Bestseller-Verfilmung aus Italien

Horror der Gefühle

"Die Einsamkeit der Primzahlen" nennt sich ein Roman, der 2008 in Italien 1,5 Millionen Exemplare verkauft hat und der seinem damals 26-jährigen Autor Paolo Giordano den wichtigsten Literaturpreis des Landes, den Premio Strega eingebracht. Nun wurde der Bestseller rund um die Lebensgeschichte von zwei gesellschaftlichen Außenseitern für das Kino verfilmt.

Kultur aktuell, 05.10.2011

Primzahl-Zwillinge nennt man zwei Primzahlen, die nur einen Zweierschritt auseinanderliegen und so ein "Pärchen" bilden, wie etwa 5 und 7, 11 und 13; irgendwie sind sie sich nahe und dennoch bleiben sie immer getrennt - genauso wie Alice und Mattia, die beiden Hauptfiguren im Film "Die Einsamkeit der Primzahlen". Auch sie fühlen eine Seelenverwandtschaft, und dennoch finden sie nicht zu einander.

Verwundete Existenzen

Es sind zwei verwundete Existenzen: Er ist hochbegabt, aber schüchtern, fast autistisch sie, hochsensibel, ängstlich und verschlossen. Beide hatten ein traumatisches Erlebnis in der Kindheit: Alice einen Skiunfall, der sie verkrüppelte, Mattia lässt als Kind seine geistig behinderte Schwester allein, die daraufhin verschwindet - eine nicht wieder gut zu machende Schuld.

Regisseur Saverio Costanzo lässt die Chronologie des Romans hinter sich und springt permanent zwischen den Zeitebenen zwischen Kindheit, Pubertät und Erwachsenenalter, rollt dabei den Leidensweg seiner beiden Protagonisten auf. Nur die bereits bekannte Geschichte des Buches wiederzugeben hätte bedeutet, so Saverio Costanzo, "die Macht des Kinos zu ignorieren".

Irritierende Schockeffekte

Nebel, die sich nicht lichten, ein Wald, der sich wie ein dunkler Schlund auftut, lange Gänge und Tunnel, in denen man sich verlieren kann, ein raffiniert gefilmtes Stiegenhaus, wie aus dem Repertoire der optischen Verzerrungen eines MC Escher.

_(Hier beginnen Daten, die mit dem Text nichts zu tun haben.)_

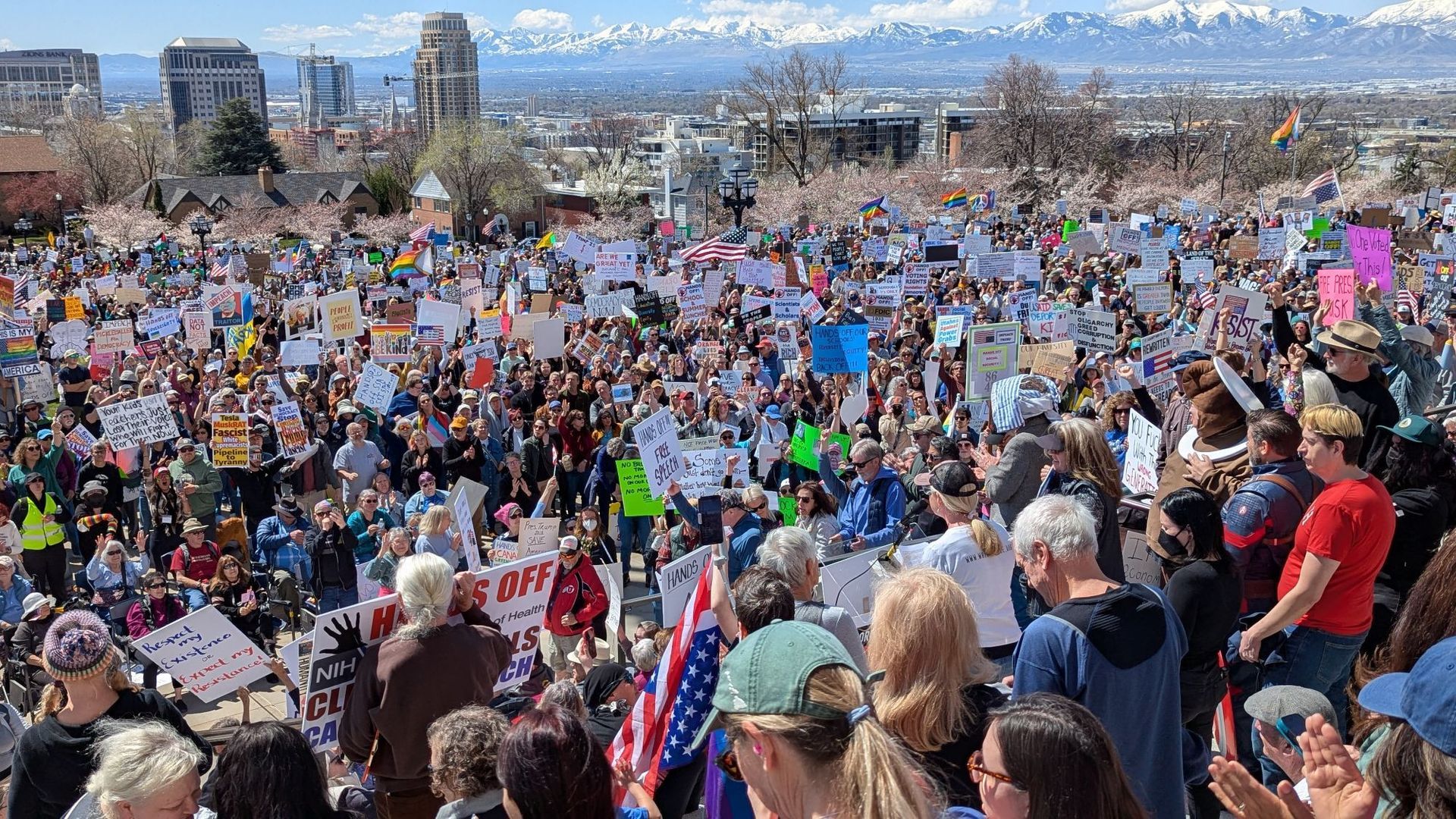 Thousands of protesters hold signs in a large outdoor space with city buildings and mountains in the background.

Seltsame Störgeräusche und irritierende Schockeffekte auf der Tonspur, aber auch bizarre Farbenspiele lassen an Horror und Science-fiction denken. Ein "übersinnlicher Thriller" sei sein Film, so Saverio Costanzo, auch eine Art "Horror der Gefühle".

Angestrengte Künstlichkeit

Der Film "Die Einsamkeit der Primzahlen" entwickelt viel Fantasie, um der Isolation seiner Figuren und ihrem Weltschmerz nahe zu kommen. Fast zu viel, denn eine derart angestrengte Künstlichkeit bremst den Film auch immer wieder. Ein wenig einsam fühlen sich dann möglicherweise nicht nur die Primzahlen im Kino.